I wonder what happened to equanimity? I've learnt the hard way that it is imperative to maintain calmness whatever is going on, and a professional air of sang-froid is a very useful defence against the world. I'm really very good at that. But it's been sorely tested of late.

My boss is still signed off work with a long term back injury. The additional work that this involves isn't just about time, though extra students to tutor and additional lectures do eat into that commodity. It's also about making decisions and trying to take into account what I think she'd want to do, knowing that she and I have different views on almost everything, but work in a complementary way. Only a couple of weeks ago, another colleague and I had to negotiate a major restructuring of some of our courses, and I felt all the time as if I were arguing two opposing positions, my boss' and mine.

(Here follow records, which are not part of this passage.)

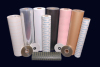 insulation paper for auto motor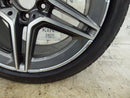 MERCEDES C W205 AMG-L 14-18 ALLOY RIM 18" 245/40/18 8.5J ET49 A2054019600
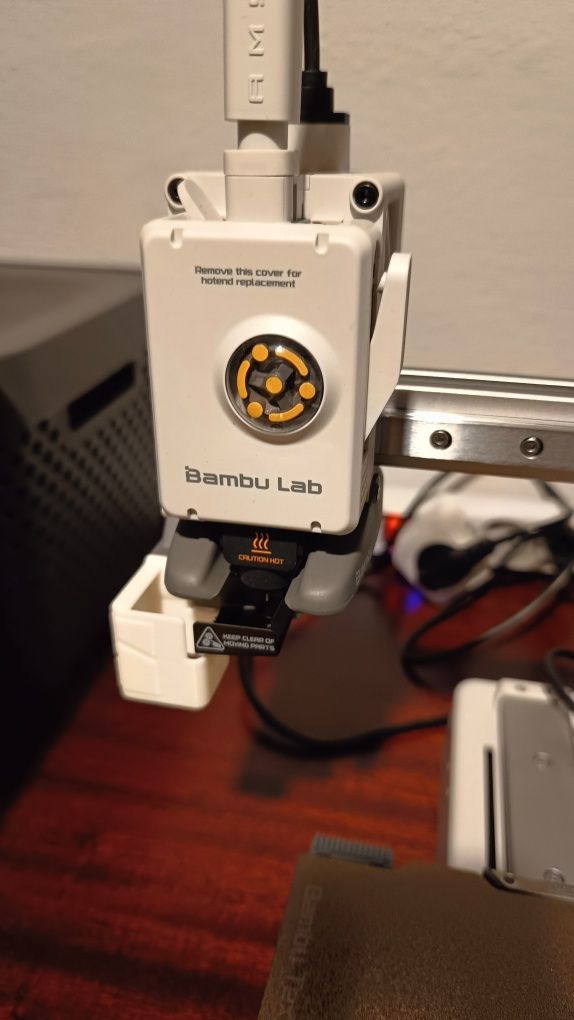 BambuLab A1 Mini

Around the same time, I met a new man and all that seemed to be going rather swimmingly, but alas, he backed off suddenly at the weekend. Two weeks of romance and French cinema and Scrabble disintegrated overnight into - well, just Scrabble. Now don't get me wrong, I like Scrabble. But I like all the rest of the stuff as well.

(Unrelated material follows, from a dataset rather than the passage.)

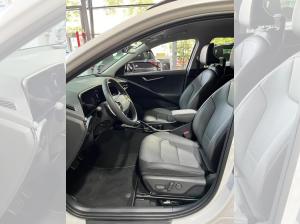 Kia Niro 1.6 GDI Hybrid Spirit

Which reminds me of today's silly story...


As part of a rather boozy Scrabble game, I removed my glasses so I could read the dictionary, and put them on the floor behind me. (No comments about "why don't you get telescopic arms?" please.) I suppose it was inevitable that I'd sit on them. I did, and the lenses popped out. So this morning I went off to visit the nearest decent optician. The lenses are three years old, and the edges are badly chipped, so this seemed like a very good time to replace them. I explained that I'd had my eyes tested last time at a chain store in a local mall, and the receptionist rang through to ask for my prescription. Then they took the prescription and my specs (temporarily mended) into the workshop.

Several min
utes later the girl re-emerged looking perplexed. "These are your specs, Madam?" I said they were. She turned to the receptionist: "Are you certain you took down the prescription correctly?" Then "These specs are not made up to this prescription." I explained that they were three years old, so there may have been a little deterioration, but it was clear that she meant that the discrepancy wasn't to be so easily explained away. In the end, an eye test established that the prescription was close to accurate, but that I have been wearing specs with the wrong lenses for three years. Perhaps that explains my jaundiced view of the world?

The ups and downs of my life were illustrated in an even more vivid way at lunchtime today. Several months ago I was invited to a symposium in Canada that is of crucial relevance to my research, and I applied for a British Academy travel grant. I ha
d a strong application and good references, so I was very distressed to received the letter this morning telling me that I had not been awarded the grant.

I'd convinced myself that I would be able to go, and this new disappointment was rather hard to bear in my present general state of feeling sorry for myself. Without funding, that kind of travel was impossible. My son's Dad had agreed to pay half of his fare so he could go with me, but the cost of my fare, accommodation and food, without any grant funding, would be more than I could afford.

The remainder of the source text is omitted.